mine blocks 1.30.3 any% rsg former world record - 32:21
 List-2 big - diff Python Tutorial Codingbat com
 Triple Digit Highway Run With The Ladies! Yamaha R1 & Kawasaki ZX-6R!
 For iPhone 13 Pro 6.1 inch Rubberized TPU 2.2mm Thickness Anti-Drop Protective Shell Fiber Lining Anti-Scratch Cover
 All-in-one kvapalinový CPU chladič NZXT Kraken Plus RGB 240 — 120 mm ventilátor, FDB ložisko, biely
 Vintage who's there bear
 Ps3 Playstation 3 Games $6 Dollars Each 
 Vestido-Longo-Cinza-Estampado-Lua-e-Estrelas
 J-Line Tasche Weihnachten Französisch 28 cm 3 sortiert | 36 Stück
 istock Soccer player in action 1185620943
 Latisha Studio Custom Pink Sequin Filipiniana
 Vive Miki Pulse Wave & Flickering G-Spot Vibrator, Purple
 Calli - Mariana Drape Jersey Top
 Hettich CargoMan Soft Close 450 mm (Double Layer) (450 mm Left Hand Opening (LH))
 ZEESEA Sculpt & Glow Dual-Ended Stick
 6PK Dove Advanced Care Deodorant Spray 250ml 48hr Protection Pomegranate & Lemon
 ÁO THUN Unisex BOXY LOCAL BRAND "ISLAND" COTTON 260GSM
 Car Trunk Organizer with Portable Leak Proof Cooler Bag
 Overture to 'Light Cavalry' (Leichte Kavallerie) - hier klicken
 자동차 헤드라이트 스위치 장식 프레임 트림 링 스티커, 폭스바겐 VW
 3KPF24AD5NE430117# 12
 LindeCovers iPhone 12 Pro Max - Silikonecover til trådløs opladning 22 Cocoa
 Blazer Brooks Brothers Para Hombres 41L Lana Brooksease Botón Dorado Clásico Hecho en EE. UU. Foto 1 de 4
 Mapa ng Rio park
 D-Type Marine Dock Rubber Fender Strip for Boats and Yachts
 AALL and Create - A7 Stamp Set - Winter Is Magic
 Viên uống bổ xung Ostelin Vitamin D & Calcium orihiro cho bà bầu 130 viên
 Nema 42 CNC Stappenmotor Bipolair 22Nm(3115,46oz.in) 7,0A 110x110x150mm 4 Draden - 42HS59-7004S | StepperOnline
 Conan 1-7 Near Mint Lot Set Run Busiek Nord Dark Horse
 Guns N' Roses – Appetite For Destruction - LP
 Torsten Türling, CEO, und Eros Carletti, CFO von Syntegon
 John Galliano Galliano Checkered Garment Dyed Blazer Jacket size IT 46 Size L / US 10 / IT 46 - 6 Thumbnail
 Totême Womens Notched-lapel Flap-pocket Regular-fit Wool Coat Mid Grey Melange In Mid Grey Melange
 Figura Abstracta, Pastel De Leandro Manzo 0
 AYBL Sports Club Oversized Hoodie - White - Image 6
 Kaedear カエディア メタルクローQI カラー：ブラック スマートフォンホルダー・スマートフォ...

__________________________________________________

**TASK PROMPT**
Would you set down every entry again, exactly?

**EXERCISE OUTPUT**
mine blocks 1.30.3 any% rsg former world record - 32:21
 List-2 big - diff Python Tutorial Codingbat com
 Triple Digit Highway Run With The Ladies! Yamaha R1 & Kawasaki ZX-6R!
 For iPhone 13 Pro 6.1 inch Rubberized TPU 2.2mm Thickness Anti-Drop Protective Shell Fiber Lining Anti-Scratch Cover
 All-in-one kvapalinový CPU chladič NZXT Kraken Plus RGB 240 — 120 mm ventilátor, FDB ložisko, biely
 Vintage who's there bear
 Ps3 Playstation 3 Games $6 Dollars Each 
 Vestido-Longo-Cinza-Estampado-Lua-e-Estrelas
 J-Line Tasche Weihnachten Französisch 28 cm 3 sortiert | 36 Stück
 istock Soccer player in action 1185620943
 Latisha Studio Custom Pink Sequin Filipiniana
 Vive Miki Pulse Wave & Flickering G-Spot Vibrator, Purple
 Calli - Mariana Drape Jersey Top
 Hettich CargoMan Soft Close 450 mm (Double Layer) (450 mm Left Hand Opening (LH))
 ZEESEA Sculpt & Glow Dual-Ended Stick
 6PK Dove Advanced Care Deodorant Spray 250ml 48hr Protection Pomegranate & Lemon
 ÁO THUN Unisex BOXY LOCAL BRAND "ISLAND" COTTON 260GSM
 Car Trunk Organizer with Portable Leak Proof Cooler Bag
 Overture to 'Light Cavalry' (Leichte Kavallerie) - hier klicken
 자동차 헤드라이트 스위치 장식 프레임 트림 링 스티커, 폭스바겐 VW
 3KPF24AD5NE430117# 12
 LindeCovers iPhone 12 Pro Max - Silikonecover til trådløs opladning 22 Cocoa
 Blazer Brooks Brothers Para Hombres 41L Lana Brooksease Botón Dorado Clásico Hecho en EE. UU. Foto 1 de 4
 Mapa ng Rio park
 D-Type Marine Dock Rubber Fender Strip for Boats and Yachts
 AALL and Create - A7 Stamp Set - Winter Is Magic
 Viên uống bổ xung Ostelin Vitamin D & Calcium orihiro cho bà bầu 130 viên
 Nema 42 CNC Stappenmotor Bipolair 22Nm(3115,46oz.in) 7,0A 110x110x150mm 4 Draden - 42HS59-7004S | StepperOnline
 Conan 1-7 Near Mint Lot Set Run Busiek Nord Dark Horse
 Guns N' Roses – Appetite For Destruction - LP
 Torsten Türling, CEO, und Eros Carletti, CFO von Syntegon
 John Galliano Galliano Checkered Garment Dyed Blazer Jacket size IT 46 Size L / US 10 / IT 46 - 6 Thumbnail
 Totême Womens Notched-lapel Flap-pocket Regular-fit Wool Coat Mid Grey Melange In Mid Grey Melange
 Figura Abstracta, Pastel De Leandro Manzo 0
 AYBL Sports Club Oversized Hoodie - White - Image 6
 Kaedear カエディア メタルクローQI カラー：ブラック スマートフォンホルダー・スマートフォ...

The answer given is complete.